It is widely known that paper mills require two essential ingredients to produce paper: trees and water. Surprisingly, water is the most crucial component in the entire paper making process, but why do paper mills need water filtration throughout?
Approximately 100 litres of water are necessary to produce 1 kilogram of paper. Despite the implementation of advanced wastewater treatment plants and closed-loop systems, improper water utilisation can lead to various issues for paper mills. These problems can include loss of production time, damage to equipment components, inconsistent final product, increased wastewater production, and wider environmental concerns.
To mitigate these challenges and ensure smooth paper production, proper liquid filtration must be employed at relevant stages of the paper making process.
The Paper Making Process
In a nutshell, the paper making process begins with logs being fed into a rotating drum to produce wood chips. These chips are then transferred to a pulp mill and introduced to a digester, where they are cooked with an acid solution. To achieve a consistent finish and prepare the solution for the actual making of paper, the soft and fibrous mixture is washed out of the acid solution and bleached.
Here’s where liquid filtration becomes critical as the process is highly susceptible to chemical contamination. Filtration is employed to remove contaminants such as tank rust, dirt, and scale that may have accumulated during transportation and storage, just before the components are mixed in the reactor.

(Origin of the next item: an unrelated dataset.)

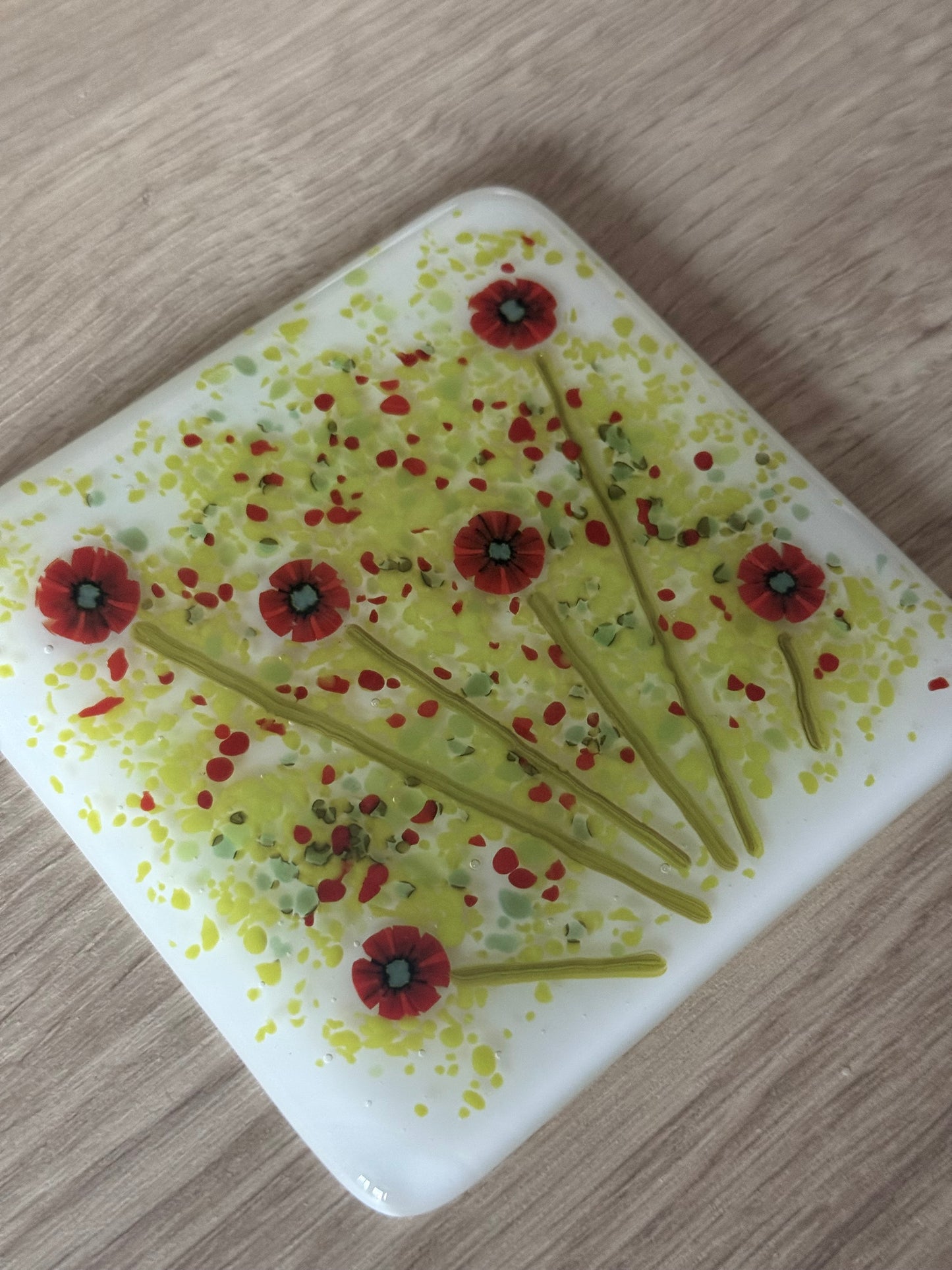 A square fused glass coaster with a white background and a floral poppy design in red and green.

While wound polypropylene filters are trusted and commonly used at this stage, a more effective solution would be to utilise TruDepth spun polypropylene depth filters. These filters achieve up to 97% efficiency in particle reduction, plus their melt-bonded exterior minimises the risk of fibre migration.

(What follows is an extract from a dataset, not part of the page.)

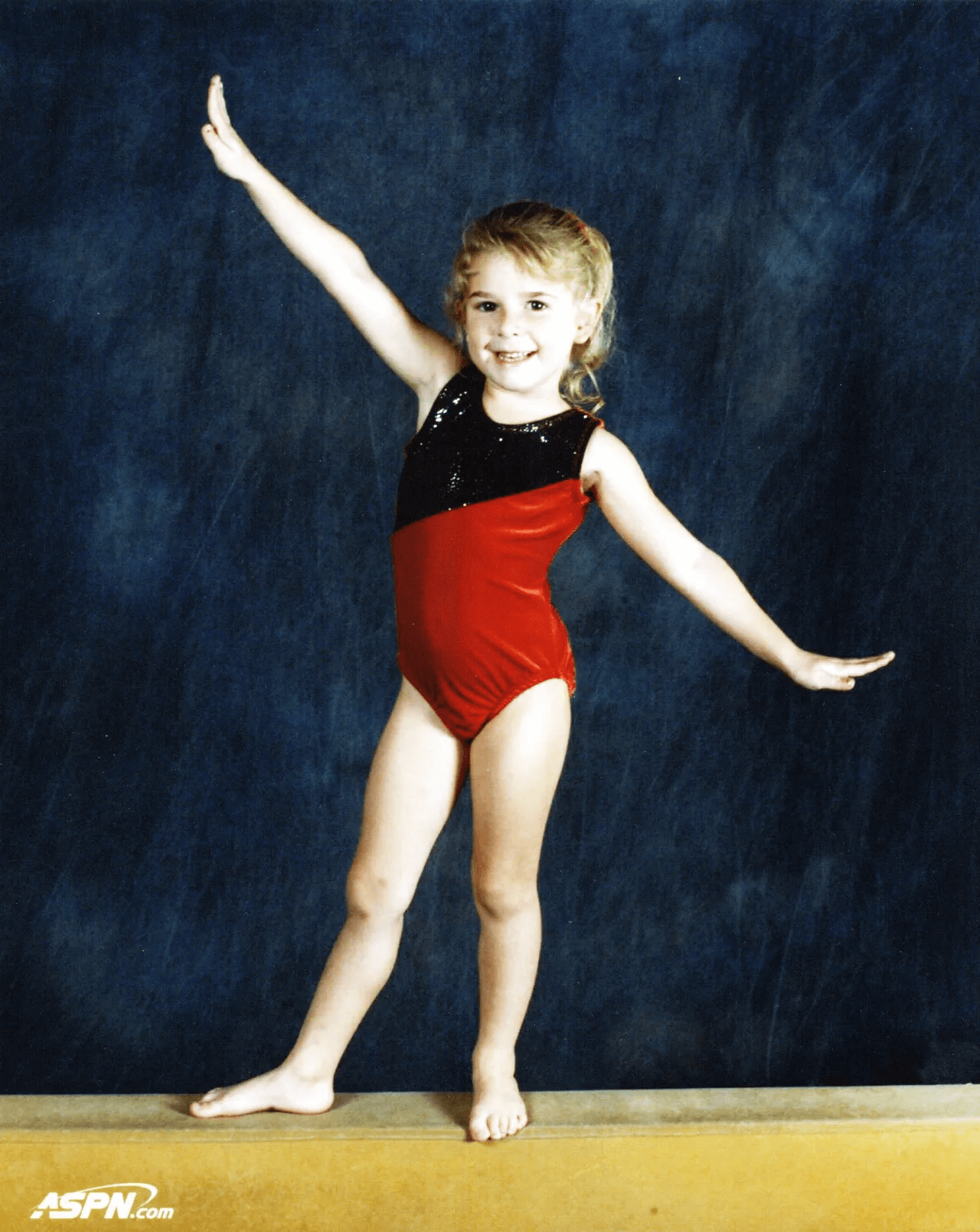 A young girl in a red and black leotard is standing on one foot.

Once the mixture has been transformed into paper, it proceeds to the finishing stage. At this point, the paper is delicate and must remain consistently moist as it moves along the production line to prevent breakage. For this to be achieved, spray nozzles are utilised and must be contaminant free otherwise they can become clogged, damaged and ultimately disrupt production.
Water Filtration for Incoming Water
For the treatment of incoming water, a recommended setup by Fileder involves a combination of EBEP bags, SSP depth filters, SCB carbon, and SRO membrane technologies. This combination effectively removes particulate and other contaminants, preventing premature blockages.
This practice is widely adopted by paper mills to ensure consistent water quality, not only for the spraying stage but also as a key ingredient in the paper production process.